Visa recently capped the interchange for debit transactions. The rate Visa used to charge the merchant’s bank for debit transactions was 0.7 percent plus 17 cents. The rate will remain the same but will be capped at 95 cents.
Jeff Lenard, vice president of communications for the National Association of Convenience Stores in Alexandria, Va., said he doesn’t see the new fee structure offering much of a break, if any, in many cases for retailers.
After all, you’d have to spend roughly $115 or more to see any small savings with a cap set at 95 cents.
Barrick, whose company supplies gas to more than 200 stations in Michigan, calls the latest efforts by Visa to change the debit card rate structure — and the credit card structure later this year — “smoke and mirrors.”
“They act like it’s a big deal,” Barrick said.
Randa Ghnaim, a spokeswoman for Visa in San Francisco, said Visa’s changes will lower the overall interchange rate for credit and debit cards for fuel transactions. The savings could be up to 50 percent, depending on the type of transaction, she said.
Under the changes, Visa is also implementing real-time clearing for fuel purchases this fall so that transactions will be processed within hours, instead of at the end of the day. This could cut the hold times of a day or two days that some financial institutions place on cardholders’ accounts after buying gas with a debit card.

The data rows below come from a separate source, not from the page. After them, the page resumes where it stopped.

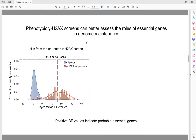One advantage of our phenotypic screen strategy over the cell survival-based screen strategy is that it can better study the roles of essential genes. To formally explore this idea, we mapped the Bayes factor (BF) values of the hits from our untreated gamma-H2AX screen. The distribution is shifted toward the large positive side compared to the median of all genes present in the library. Positive BF values indicate probable essential genes, which is consistent with the idea that genes required to prevent endogenous DNA damage are also important for cell survival.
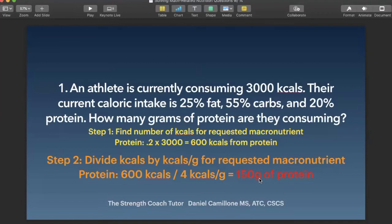It's really just two steps. You convert the percentage to a decimal, multiply that decimal by the total kcals they're consuming. If they're asking for grams, you take the kcals you've found and divide by how many kcals per gram that macronutrient is — for carbs and protein, that's 4 kcals per gram, and for fat, that's 9 kcals per gram.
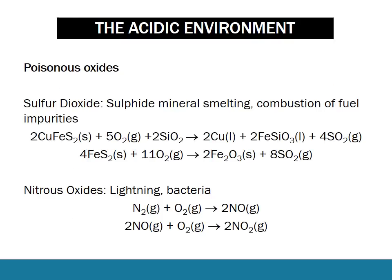Let's look at poisonous oxides. There are two oxides we're interested in: sulfur dioxide and nitrous oxides. It's important that you know some chemical equations for the formation of these oxides and where they come from. We know that by smelting sulfide minerals we release sulfur dioxide, and also by combustion of fuel impurities. Nitrous oxides are produced due to lightning or bacterial growth. I think it's really important to have these sorts of equations as additional detail — you don't necessarily need both, but I'd strongly recommend it.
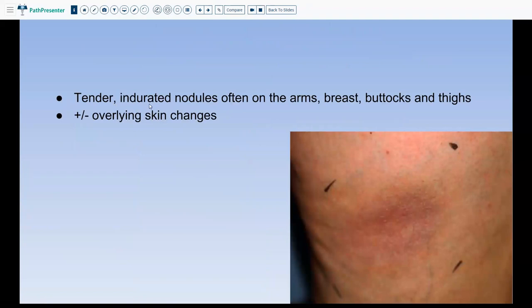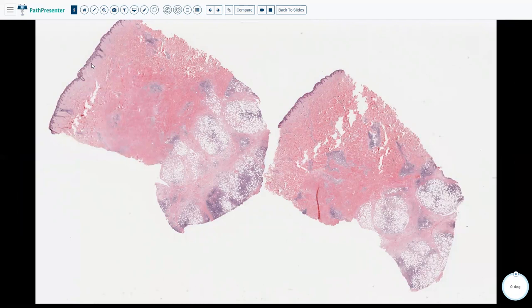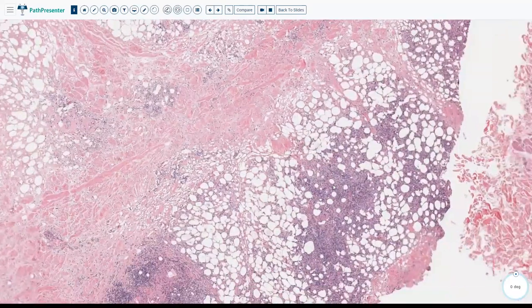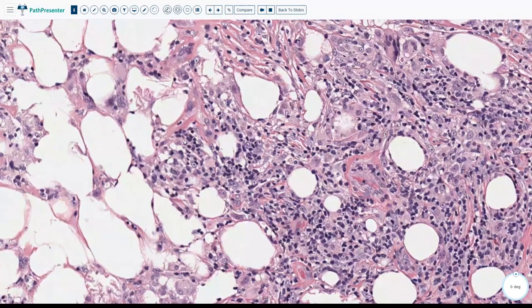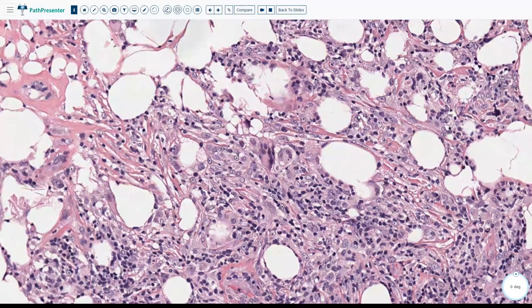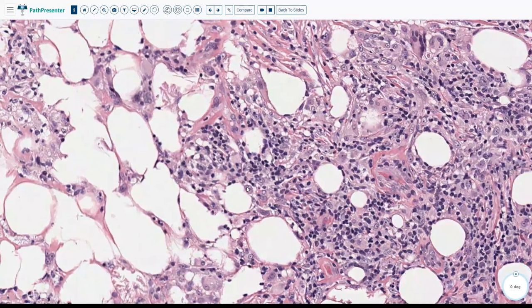Here is a case presenting with tender indurated nodules on the arm, breast, buttock, and thigh with some overlying skin changes. On biopsy, the main action is in the subcutis — the epidermis and dermis are fairly normal with only some mild perivascular and periadnexal inflammation in the dermis. Going high power into the fat, you see predominantly a lot of lymphocytes with associated plasma cells — a lymphoplasmacytic infiltrate affecting the lobules.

Still, it’s doubtful that consumers will see a discount for using debit cards.
In Michigan, many gas stations may be offering a big savings for using cash now, instead of debit or credit, as a way to make a point about the fees associated with debit cards and credit cards.
And that lower cash price also drives people inside the store to pay the bill — and yes, maybe buy a cup of coffee, some pop and a paper.
Everyone isn’t buying the cash-only bargains.
Barbara Sorrells of Oak Park paid the $4.219 a gallon earlier this month at the BP Lathrup Village. She knows the cash price is cheaper. She still used her credit card.
She told me that she’s not about to run to an ATM to get cash because she’s tired of getting slapped with fees at the bank for using an ATM that’s not owned by her bank.